:: Task data
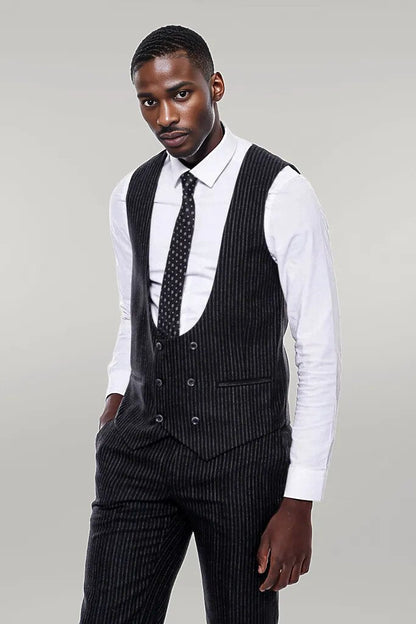 Striped Black Double Breasted Suit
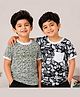 Nino Togs Cotton Knit Pack Of 2 Half Sleeves Abstract Printed Tees - Blue & Black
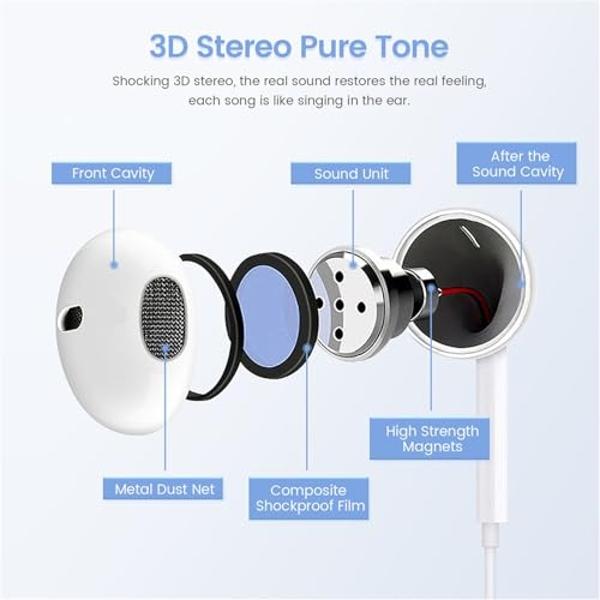2 Pack USB C Headphones for iPhone 16, Type C Earbuds Wired Earbuds with Microphone & Remote Control Noise Cancelling Earphones, Compatible with iPhone 16 Pro Max, iPad Pro, Most U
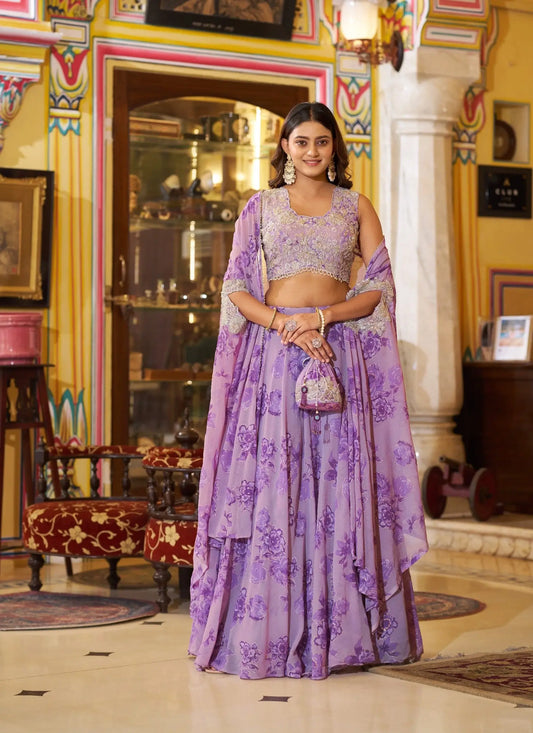 Pastel Purple Beads Work Indo-Westerm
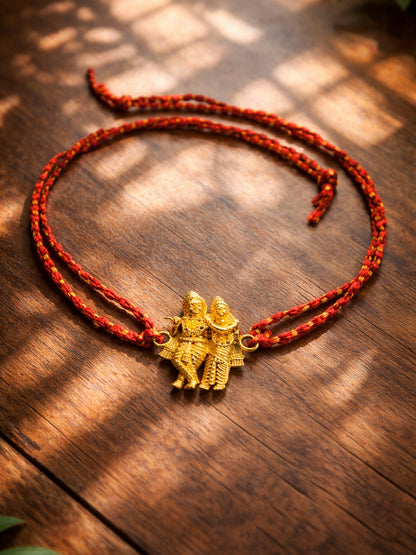 Gold-Plated Radha Krishna Rakhi Bracelet For Bhai Bhaiya Bro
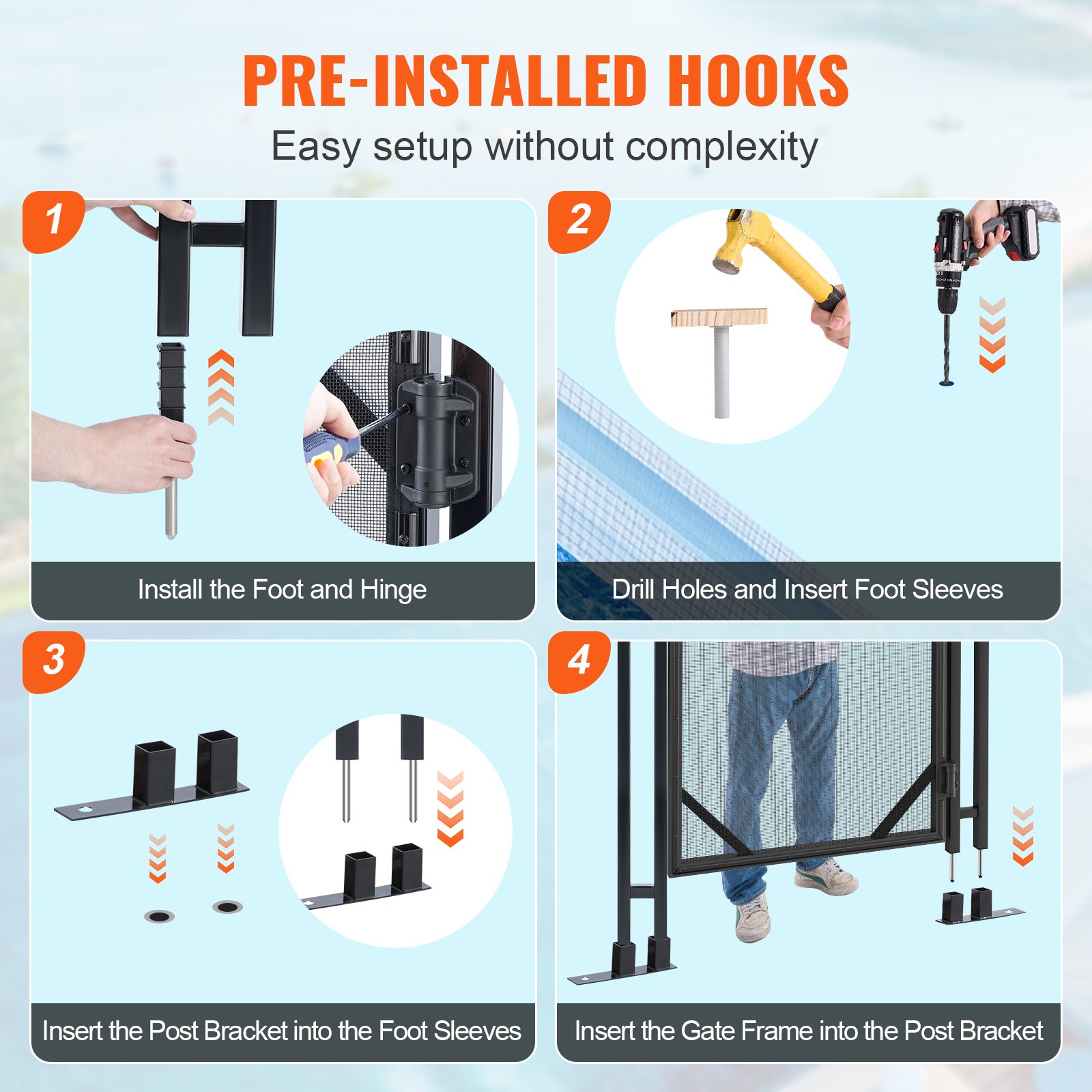 VEVOR Valla de Piscina 4 x 2,5 m para Piscinas Enterradas Kit de Valla de Seguridad con Pestillo de Acero Inoxidable Valla de Seguridad Infantil Extraíble, Fácil Instalación DIY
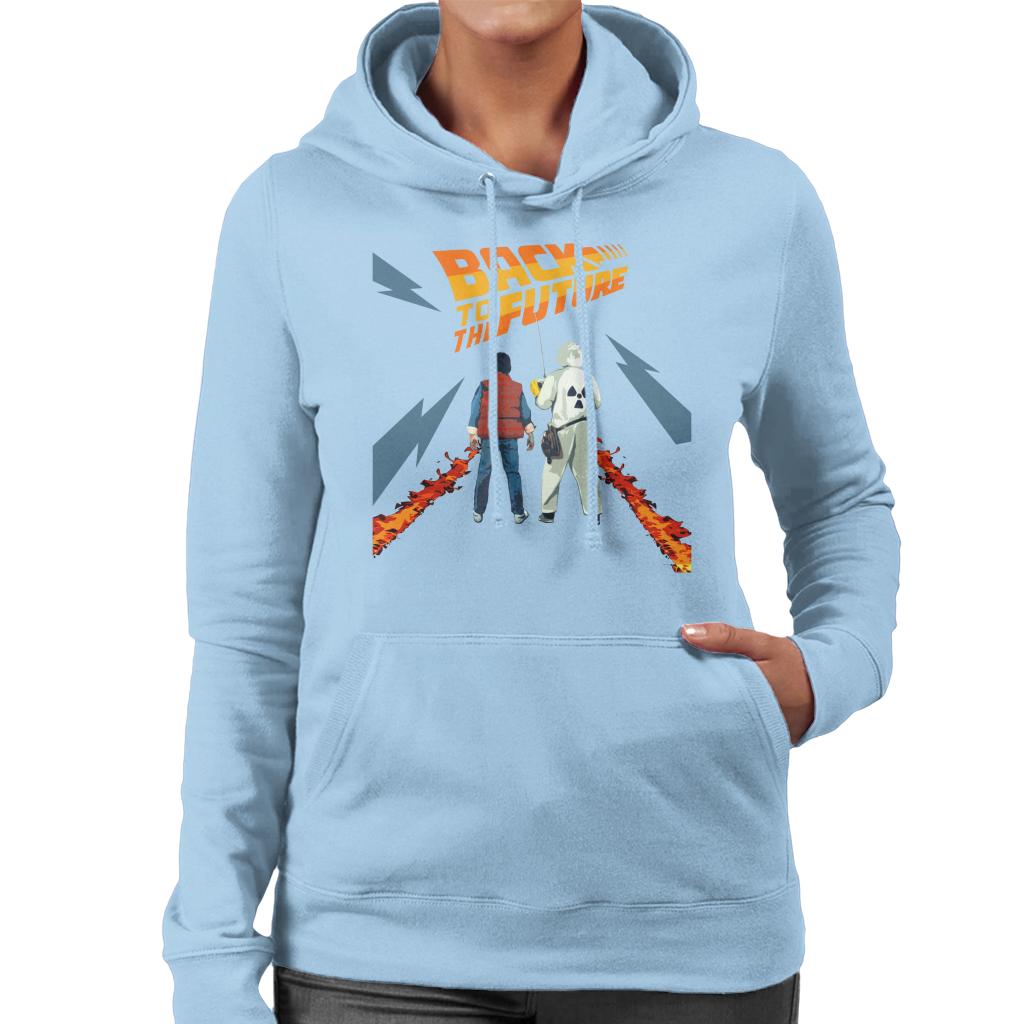 Back to the Future Delorean Fire Trail Marty And Doc Women's Hooded Sweatshirt-ALL + EVERY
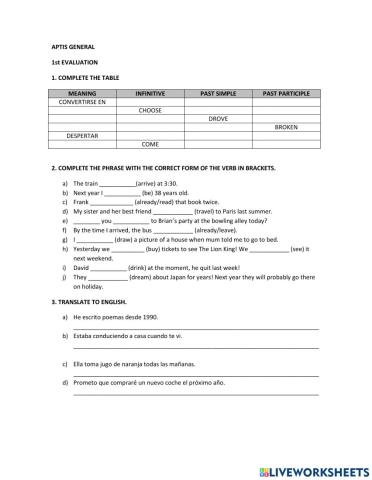 Aptis mixed tenses and irregular verbs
::::
## Description of the task
Leave out the pictures. Return exactly the lines from the first line of the records to the line bearing "Gold-Plated Radha Krishna", inclusive.

## Response to this task
 Striped Black Double Breasted Suit
 Nino Togs Cotton Knit Pack Of 2 Half Sleeves Abstract Printed Tees - Blue & Black
2 Pack USB C Headphones for iPhone 16, Type C Earbuds Wired Earbuds with Microphone & Remote Control Noise Cancelling Earphones, Compatible with iPhone 16 Pro Max, iPad Pro, Most U
 Pastel Purple Beads Work Indo-Westerm
 Gold-Plated Radha Krishna Rakhi Bracelet For Bhai Bhaiya Bro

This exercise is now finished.